Exercise aim.
Below this line are records; transcribe exactly the lines between the one holding "Opel Astra 1.4 Enjoy - 28" and the one holding "GWB9002 Керамическая настенная", inclusive, and omit the pictures.

Data records.
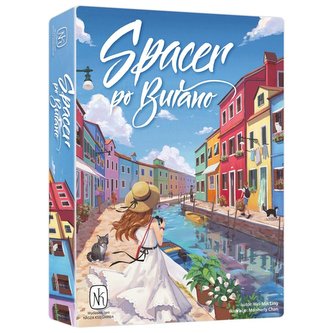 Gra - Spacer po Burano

...

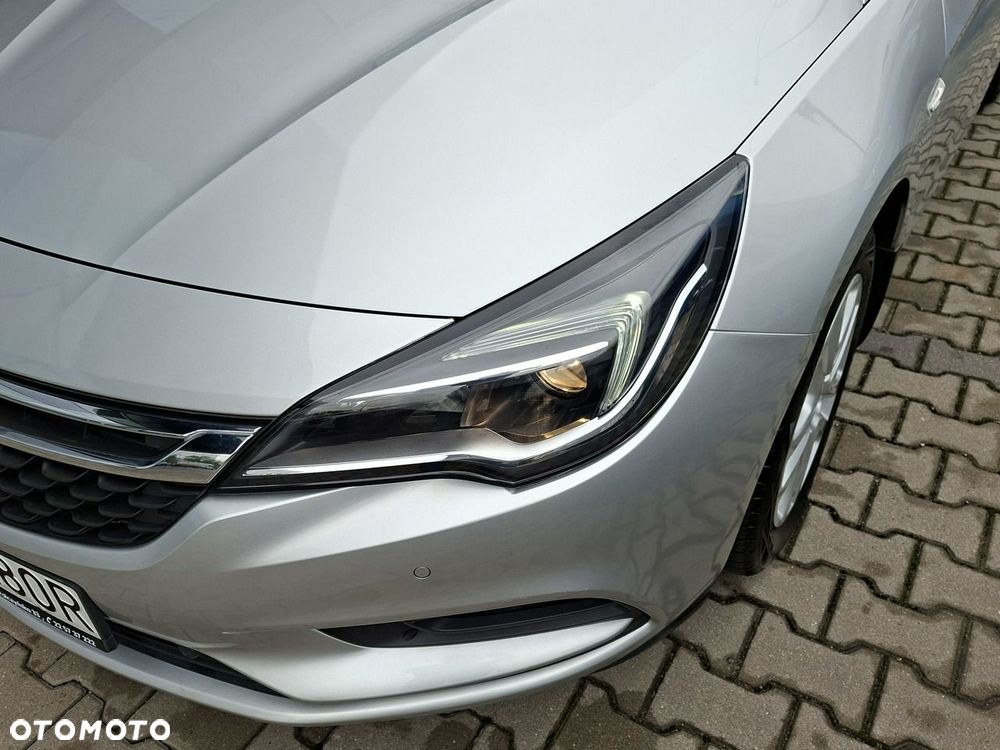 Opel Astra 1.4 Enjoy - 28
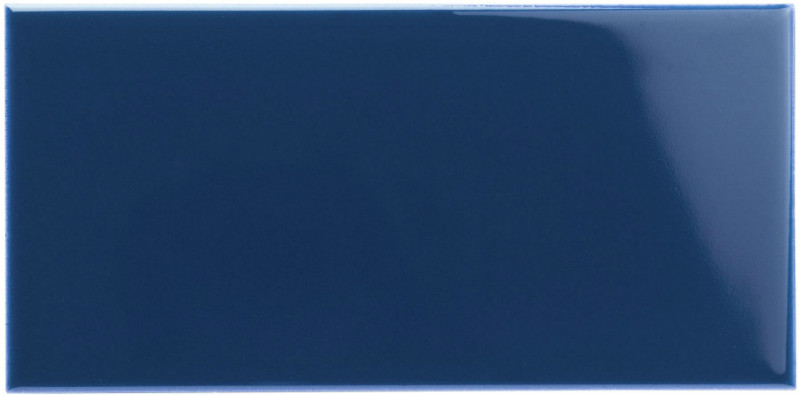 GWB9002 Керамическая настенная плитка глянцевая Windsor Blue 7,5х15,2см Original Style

==

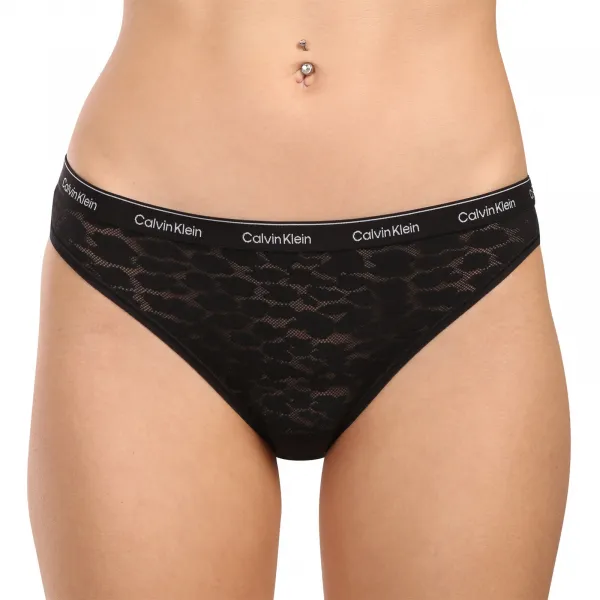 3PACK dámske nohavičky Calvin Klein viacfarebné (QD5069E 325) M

Result of this task.
 Opel Astra 1.4 Enjoy - 28
 GWB9002 Керамическая настенная плитка глянцевая Windsor Blue 7,5х15,2см Original Style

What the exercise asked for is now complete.